## Task description
Make an exact copy of the data below, leaving out every picture.

## Exercise data
________________
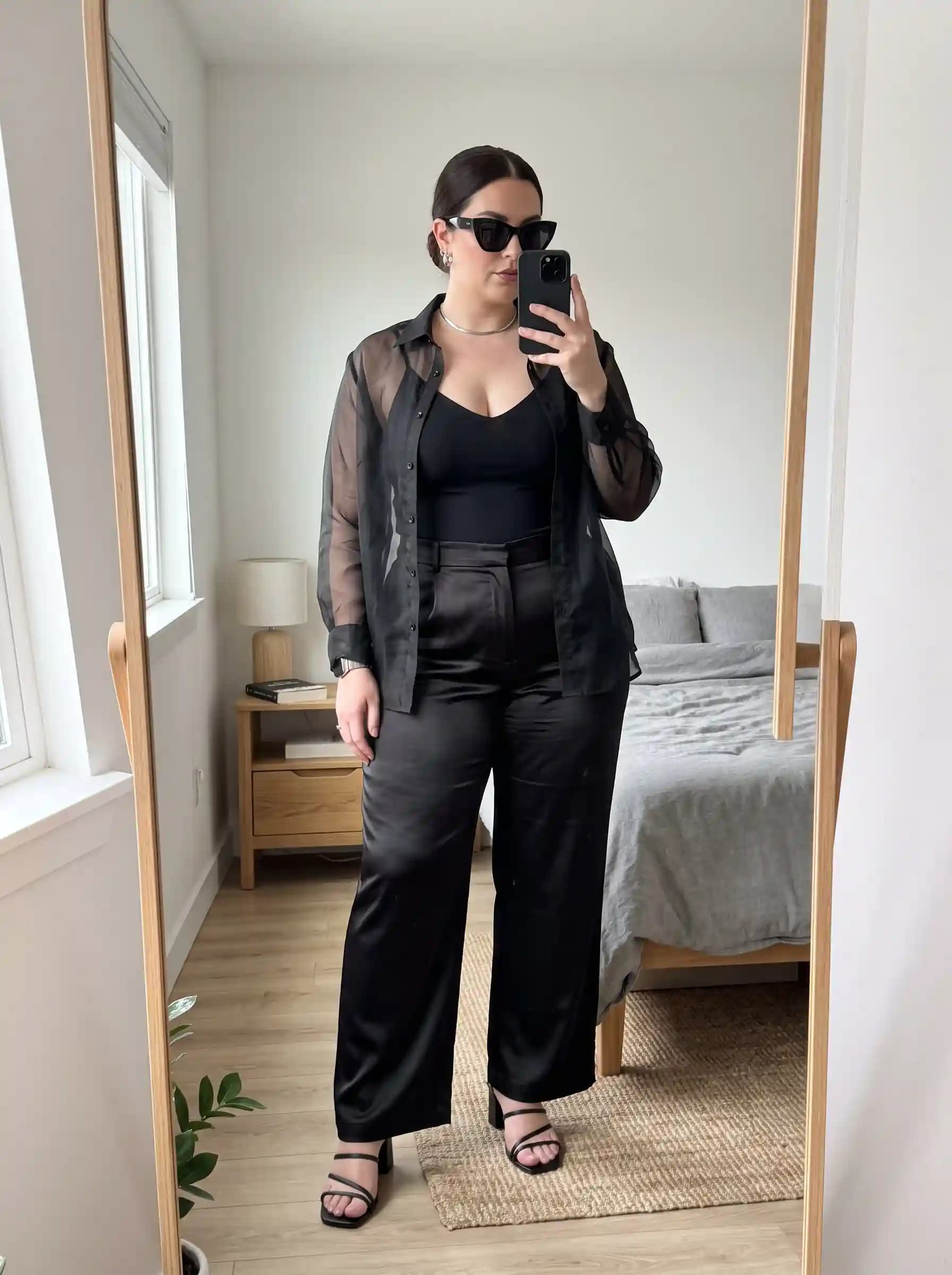 Black Bodysuit + Black Wide-Leg Satin Pants + Black Sheer Button-Up Shirt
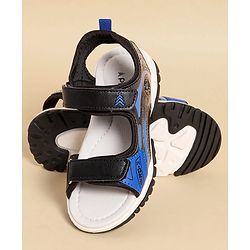 Pine Kids Sandals with Velcro Closure & Text Print - Black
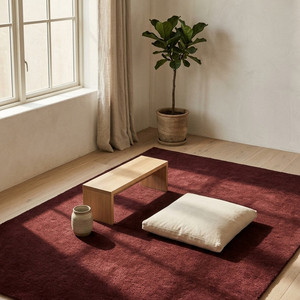 Premium <b>Burgundy</b> Wool Hand Tufted <b>Rug</b> Geometric Pattern Anti-Slip Thick Pile Carpet for Living Room Bedroom Dining Room Modern - Product Image 5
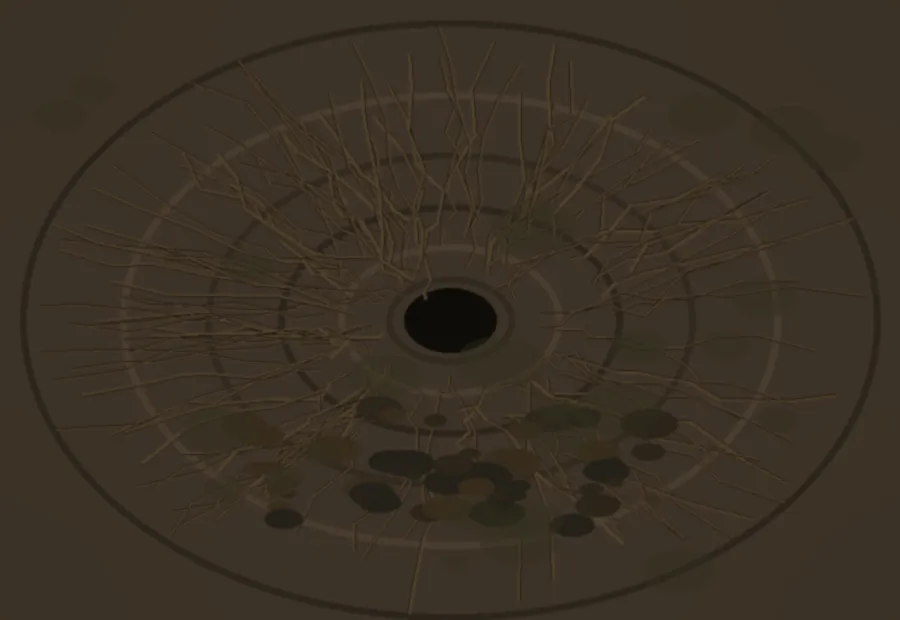 Illustration of roots and debris blocking the inside of a sewer pipe, as a drain camera would see it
________________
## Answer space
 Black Bodysuit + Black Wide-Leg Satin Pants + Black Sheer Button-Up Shirt
 Pine Kids Sandals with Velcro Closure & Text Print - Black
 Premium <b>Burgundy</b> Wool Hand Tufted <b>Rug</b> Geometric Pattern Anti-Slip Thick Pile Carpet for Living Room Bedroom Dining Room Modern - Product Image 5
 Illustration of roots and debris blocking the inside of a sewer pipe, as a drain camera would see it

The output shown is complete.